The Nigeria Centre for Diseases Control on April 7, 2017, released a reports showing that meningitis killed two in Lagos.
The News Agency of Nigeria (NAN) reports that the Nigeria Centre for Diseases Control had on April 7, 2017, released statistics which claimed that CRM killed two people in the state.
The statistics also indicated that three cases were recorded in the state so far.
A statement signed by the Director, Public Affairs, Mrs Adeola Salako on Sunday quoted the commissioner as saying that the report was false and capable of causing undue panic.
“The report carried by some newspapers and online platforms is untrue and does not represent the reality of the situation in Lagos State as at today.
“For the avoidance of doubt, there are two main types of meningitis.
“The epidemic prone meningitis, which is referred to as Cerebrospinal meningitis (CSM), is caused by a bacteria called Neisseria Meningitides.
“Its occurrence is seasonal or cyclical, depending on the level of herd immunity and climatic conditions.
“The second type of meningitis is Non-Epidemic Meningitis, which is usually caused by a virus or other bacteria, but not by Neisseria Meningitides.
“The Non-epidemic meningitis occurs without any seasonal pattern or periodicity,’’ Idris was quoted as saying.
The commissioner said that a Disease Surveillance Notification Officer in the Lagos Island Local Government, had sometime in March reported nine suspected cases of meningitis from Massey Street Children Hospital with two deaths.
He said, however, that none of these was confirmed as due to CSM.
“Although, all the nine cases presented with clinical features of meningitis at that hospital, laboratory tests proved that they were either due to Haemophilus influenza or Streptococcus pneumoniae and not Neisseria meningitides.

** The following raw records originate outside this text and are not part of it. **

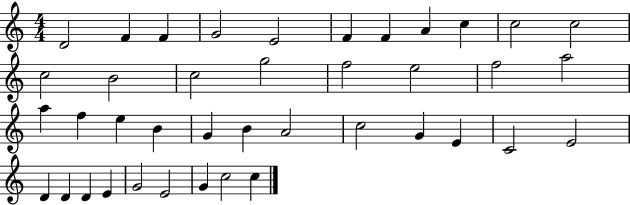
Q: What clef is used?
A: treble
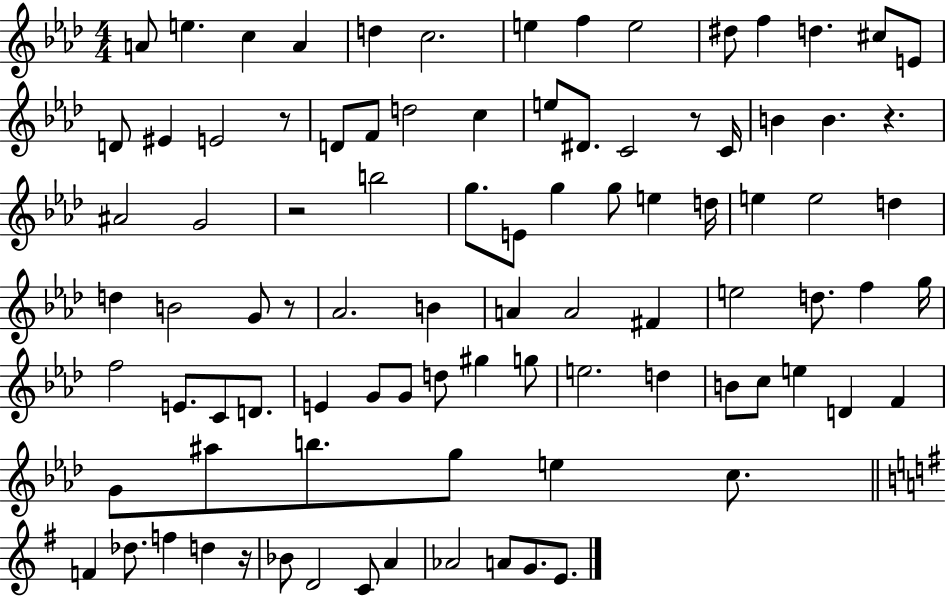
{
  \clef treble
  \numericTimeSignature
  \time 4/4
  \key aes \major
  a'8 e''4. c''4 a'4 | d''4 c''2. | e''4 f''4 e''2 | dis''8 f''4 d''4. cis''8 e'8 | \break d'8 eis'4 e'2 r8 | d'8 f'8 d''2 c''4 | e''8 dis'8. c'2 r8 c'16 | b'4 b'4. r4. | \break ais'2 g'2 | r2 b''2 | g''8. e'8 g''4 g''8 e''4 d''16 | e''4 e''2 d''4 | \break d''4 b'2 g'8 r8 | aes'2. b'4 | a'4 a'2 fis'4 | e''2 d''8. f''4 g''16 | \break f''2 e'8. c'8 d'8. | e'4 g'8 g'8 d''8 gis''4 g''8 | e''2. d''4 | b'8 c''8 e''4 d'4 f'4 | \break g'8 ais''8 b''8. g''8 e''4 c''8. | \bar "||" \break \key g \major f'4 des''8. f''4 d''4 r16 | bes'8 d'2 c'8 a'4 | aes'2 a'8 g'8. e'8. | \bar "|."
}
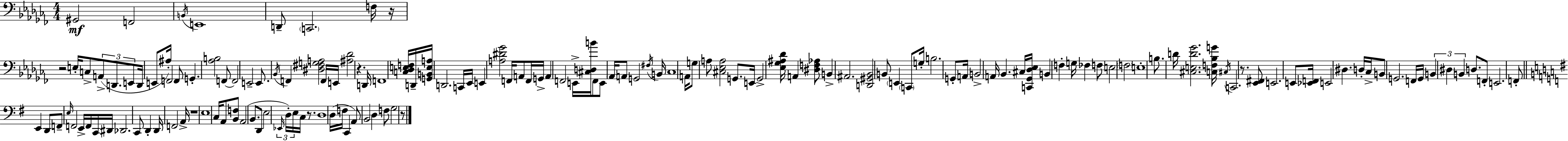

“The ministry was also notified last week of a three-year-old boy, presenting clinically as meningitis at a registered private facility in Lagos, but the laboratory investigations did not confirm CSM.
“The blood culture yielded no growth but the urine culture yielded Klebsiella and not meningococcus; the patient is already responding to treatment.
“None of these cases, presented with a history of recent travel to any area with an outbreak of meningitis and neither were visits from such areas recorded with the aforementioned cases," he added.
Idris urged the public to observe a high standard of personal and environmental hygiene as a preventive measure against the outbreak of the disease.
He said that such hygiene measures should include washing of hands with soap and water frequently and thoroughly.
“Also, avoid direct contact with the discharges from an infected person and covering of mouth and nose when coughing and sneezing.
“It is strongly advised that people should avoid overcrowding in living quarters, provide cross ventilation in sleeping and work-rooms and other places where many people come together.
“People should get vaccinated with CSM vaccine when they travel to areas where meningitis outbreaks have been reported.
“There is no need to panic; we will continue with our surveillance activities, constantly review our records and brief the public from time to time," he added.
Idris said people should support the government efforts in its resolve to prevent the spread of the epidemic to the state.
Such support, he said should include by reporting suspected cases to the nearest public health facility.